To access the elements of a list we use indices, the numbered positions of elements in the list. These positions are numbered starting at 0, so the first element has an index of 0. Python has made it easy to count backwards as well: the last index can be accessed using index -1, the second last with -2 and so on.

0-Based Indexing!

If you have used other coding languages, such as R, you may notice that different programming languages start counting from different numbers. In R, you start your indexing from 1, but in Python it is 0. It’s important to keep this in mind!

print('First element:', my_list[0])
print('Last element:', my_list[-1])
print('Second last element:', my_list[2])
print('Also second last element:', my_list[-2])
First element: 1
Last element: True
Second last element: 3.0
Also second last element: 3.0

Strings also have indices, pointing to the character in each string. These work in the same way as lists.

print(first_name)
print(first_name[0])
Loki
L

However, there is one important difference between lists and strings: we can change values in a list, but we cannot change individual characters in a string. For example:

print(my_list)
my_list[0] = 'changing the first element!'
print(my_list)
[1, 'two', 3.0, True]
['changing the first element!', 'two', 3.0, True]

will work. However:

print(first_name)
first_name[0] = 'N'
Loki
---------------------------------------------------------------------------
TypeError                                 Traceback (most recent call last)
Cell In[10], line 2
      1 print(first_name)
----> 2 first_name[0] = 'N'

TypeError: 'str' object does not support item assignment

Will throw an error.

Mutable vs Immutable

Data which can be modified in place is called mutable, while data which cannot be modified is called immutable. Strings and numbers are immutable. This does not mean that variables with string or number values are constants, but when we want to change the value of a string or number variable, we can only replace the old value with a completely new value.

Lists and arrays, on the other hand, are mutable: we can modify them after they have been created. We can change individual elements, append new elements, or reorder the whole list. For some operations, like sorting, we can choose whether to use a function that modifies the data in-place or a function that returns a modified copy and leaves the original unchanged.
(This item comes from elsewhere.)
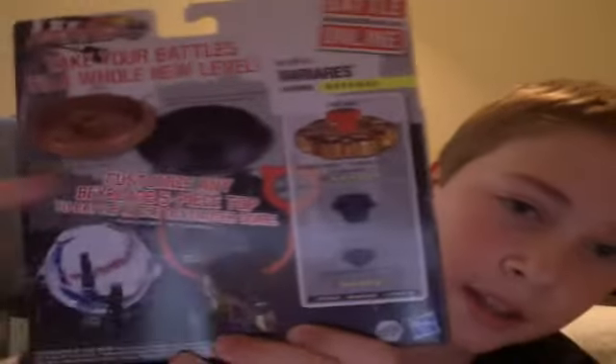He just looks awesome. He's a dome battler — you guys have seen my dome video. He comes with two things and they both can go in the dome. So I'm going to go ahead and get him open quick because I would really like to just check this dude out, because he looks awesome.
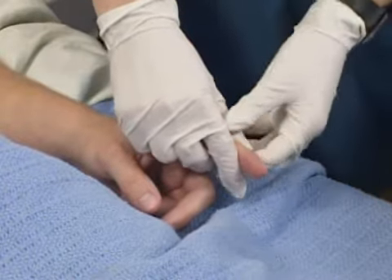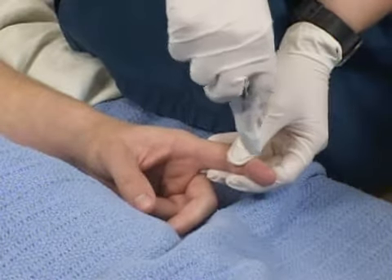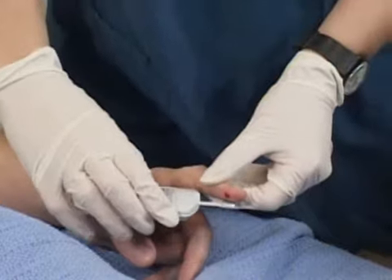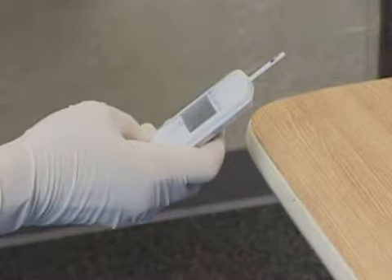While using her non-dominant hand to apply gentle pressure proximal to the site, the nurse uses her dominant hand to puncture the skin at a 90-degree angle with the lancet injector. If a lancet injector is not available, she would give the site a quick stab at a 90-degree angle with a lancet. She then applies the blood to the reagent strip and asks the client to keep pressure on the puncture site with a cotton ball until it no longer bleeds. The nurse then follows the manufacturer's directions for how long to expose the strip to the blood, whether or not to wipe the strip, and how to insert the strip and obtain the reading.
Be careful when modifying data in-place. If two variables refer to the same list, and you modify the list value, it will change for both variables!
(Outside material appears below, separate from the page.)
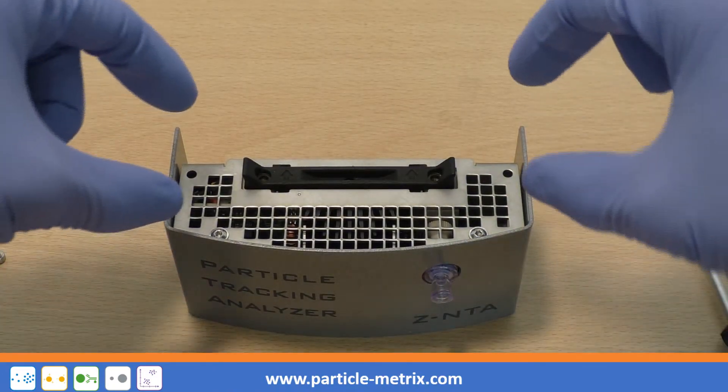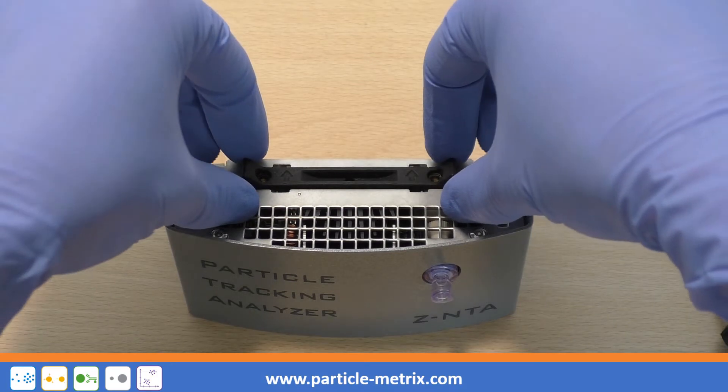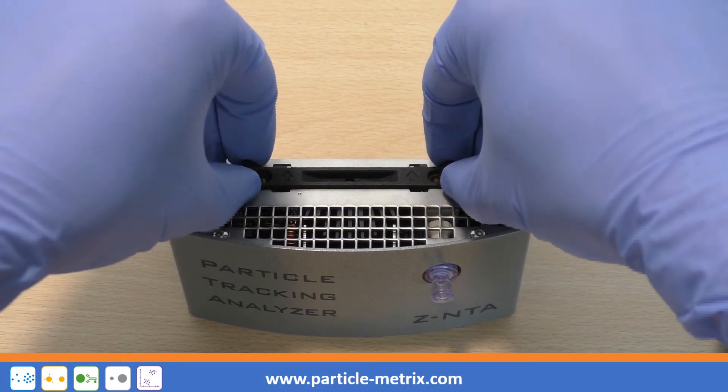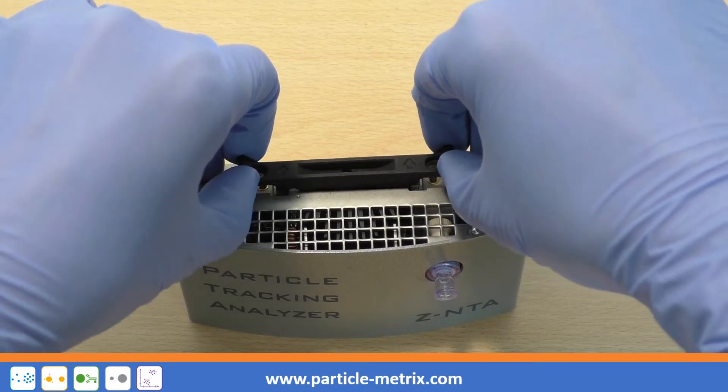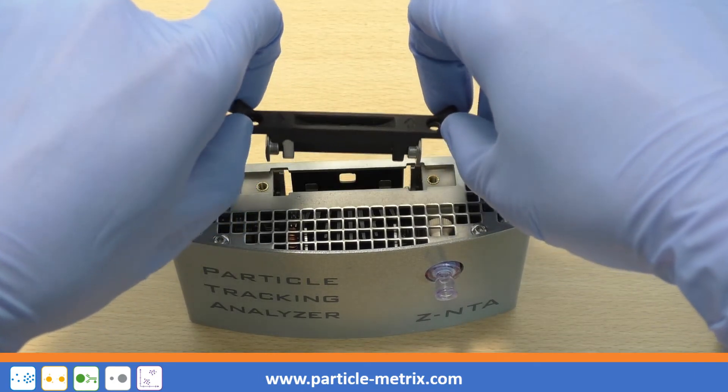Hold the protruding parts of the cell carrier with your thumb and forefinger and pull the cell carrier slowly and evenly upwards out of the cell assembly by applying some counter pressure with your middle fingers.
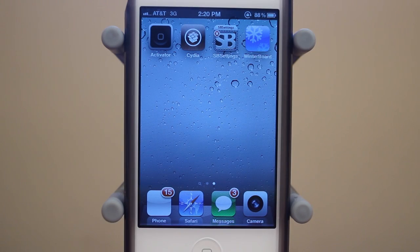Hey guys, Adam here. Today we have a tutorial on how to change the color of Siri on your iPhone 4S.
We can use indicies for more than just accessing single elements from an ordered object such as a list or a string. We can also slice our dataset to give us different portions of the list. We do this using the slice notation [start:stop], where start is the integer index of the first element we want and stop is the integer index of the element just after the last element we want. If either of start or stop is left out, it is assumed that you want to default with either starting from the beginning of the list or ending at the end.
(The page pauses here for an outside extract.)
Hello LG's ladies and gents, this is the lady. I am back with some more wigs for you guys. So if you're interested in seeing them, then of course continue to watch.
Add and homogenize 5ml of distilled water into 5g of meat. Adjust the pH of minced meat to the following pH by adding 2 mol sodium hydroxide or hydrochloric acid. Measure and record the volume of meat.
number_list = [0, 1, 2, 3, 4, 5, 6, 7, 8, 9]
print('0:5  --> ', number_list[0:5])
print('_:5  --> ', number_list[:5])
print('3:7  --> ', number_list[3:5])
print('3:_  --> ', number_list[3:])
print('3:-1 --> ', number_list[3:-1])
0:5  -->  [0, 1, 2, 3, 4]
_:5  -->  [0, 1, 2, 3, 4]
3:7  -->  [3, 4]
3:_  -->  [3, 4, 5, 6, 7, 8, 9]
3:-1 -->  [3, 4, 5, 6, 7, 8]

We can also use a step-size to indicate how often we want to pick up an element of the list. By altering the slice notation to [start:stop:step] we will be telling the code to only include those elements at each step after start, ending at the final step that occurs just before running into stop. This allows us to reverse lists as well:

print('All evens:', number_list[0::2])
print('All odds: ', number_list[1::2])
print('Just 1 and 4:', number_list[1:5:3])
print('Reversed: ', number_list[-1::-1])
All evens: [0, 2, 4, 6, 8]
All odds:  [1, 3, 5, 7, 9]
Just 1 and 4: [1, 4]
Reversed:  [9, 8, 7, 6, 5, 4, 3, 2, 1, 0]

Challenge 3

Challenge 3

Given the following string:

full_name = 'Peregrin Fool of a Took Pippin'

What would these expressions return?

  1. full_name[2:8]
  2. full_name[11:] (without a value after the colon)
  3. full_name[:4] (without a value before the colon)
  4. full_name[:] (just a colon)
  5. full_name[11:-3]
  6. full_name[-5:-3]
  7. What happens when you choose a stop value which is out of range? (i.e., try full_name[0:42] or full_name[:103])
  1. 'regrin '
  2. 'ol of a Took Pippin'
  3. 'Pere'
  4. 'Peregrin Fool of a Took Pippin'
  5. 'ol of a Took Pip'
  6. 'ip'
  7. If a part of the slice is out of range, the operation does not fail. full_name[:] gives the same result as full_name[0:42], and the same result as full_name[:103].

Dictionaries

Another object that exists in Python is the dictionary. It is similar to a list in that it can hold a variety of different types of objects inside of it. However an important difference is in how we access these objects. With a list (or string), we have an ordered arrangement of items that we access with an integer index. However, we access the values in a dictionary with a key, which can be anything we want.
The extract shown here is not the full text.